What would that cause if true? Thanks

chrysler hookup.jpg
 
[1] New Summit dist. Use it, the thinner reluctor tips give more accurate cyl-cyl timing than the junk MSD dist. Purple & green 6AL p/up wires. Purple connects to the orange wire from the dist & green 6AL connects to black wire from dist.
[2] The small 6AL red wire connects as per post #30. NOT through the bal res.
[3] The bal res can be left in the cct, it will not interfere with 6AL operation. For convenience, it is easier to leave it connected.
 
Then I do have the pickup wires backwards. I will try switching them tomorrow. Thanks
 
You are welcome and I hope that is all it is after all you have been through! :thumbsup:
 
I have read that it advances the timing & the timing is also inconsistent, causing backfiring.

Something to beware of even with polarity correct. Lengthening the p/up wires for a more favourable location for the 'box' will not cause any problems. However, the p/up wires should be twisted together & kept close to a ground plane. Keep the wires away from:
- high tension leads
- the coil [ - ] lead

Because of the very low operating voltage of the p/up, a voltage induced in the wires can cause all sorts of odd things, backfiring, rough running etc. Doing the above will ensure this does not happen.
 
To get the engine ready for an instant start, set up for 15* BTDC. The reluctor tip should be just past the centre of the pole piece in the direction of reluctor travel. This is the firing point. Because of slop in the dist drive, it is best to turn the crank with a wrench & watch the reluctor. Turn the dist body until 15* BTDC lines up as above.
 
It definitely changed the timing even at idle by a few degrees but have not had a chance to road test yet. Hope to do that tonight. I will let you know how it goes
 
I have a 1963 Plymouth with a 426 Max wedge. Built with 11:1 compression Hydraulic Roller cam MSD ignition. Read all of the Horror stories from Chrysler about not idling and must warm the engine before driving.

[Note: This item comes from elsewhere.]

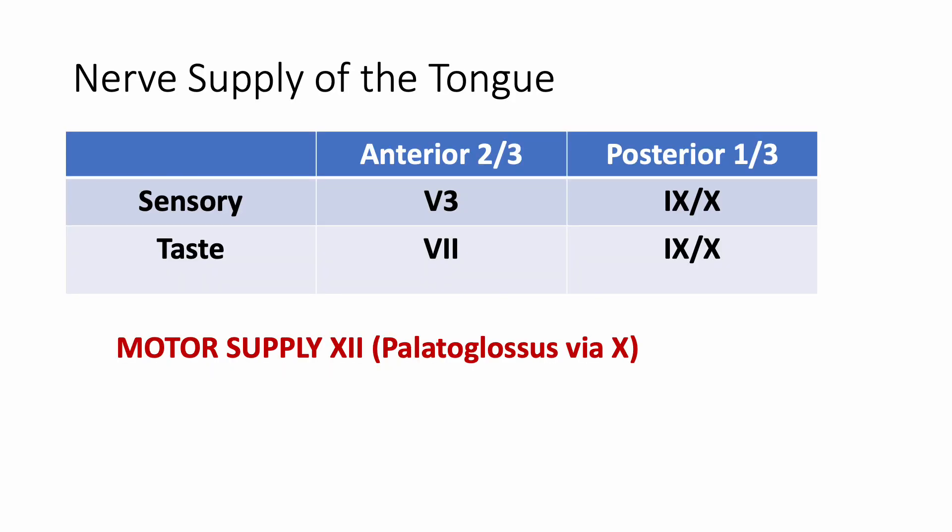So let us look at the nerve supply of the tongue. It is divided into anterior two-thirds and posterior one-third. The sensory supply of the anterior two-thirds of the tongue is by the mandibular division of the trigeminal nerve, and the sensory supply for the posterior one-third is the glossopharyngeal and the vagus nerve.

When I first got the engine running and ever since I can start the car without touching the accelerator. Have the stock 3705 carbs rebuilt by me which is my first time rebuilding a carb. And this all fits under the hood with no modifications. Drives great 390 rears with MT 13" wide rear tires. Driving at 60 MPH at 2500 RPM I get 5 MPG
 
I have a 1963 Plymouth with a 426 Max wedge. Built with 11:1 compression Hydraulic Roller cam MSD ignition. Read all of the Horror stories from Chrysler about not idling and must warm the engine before driving.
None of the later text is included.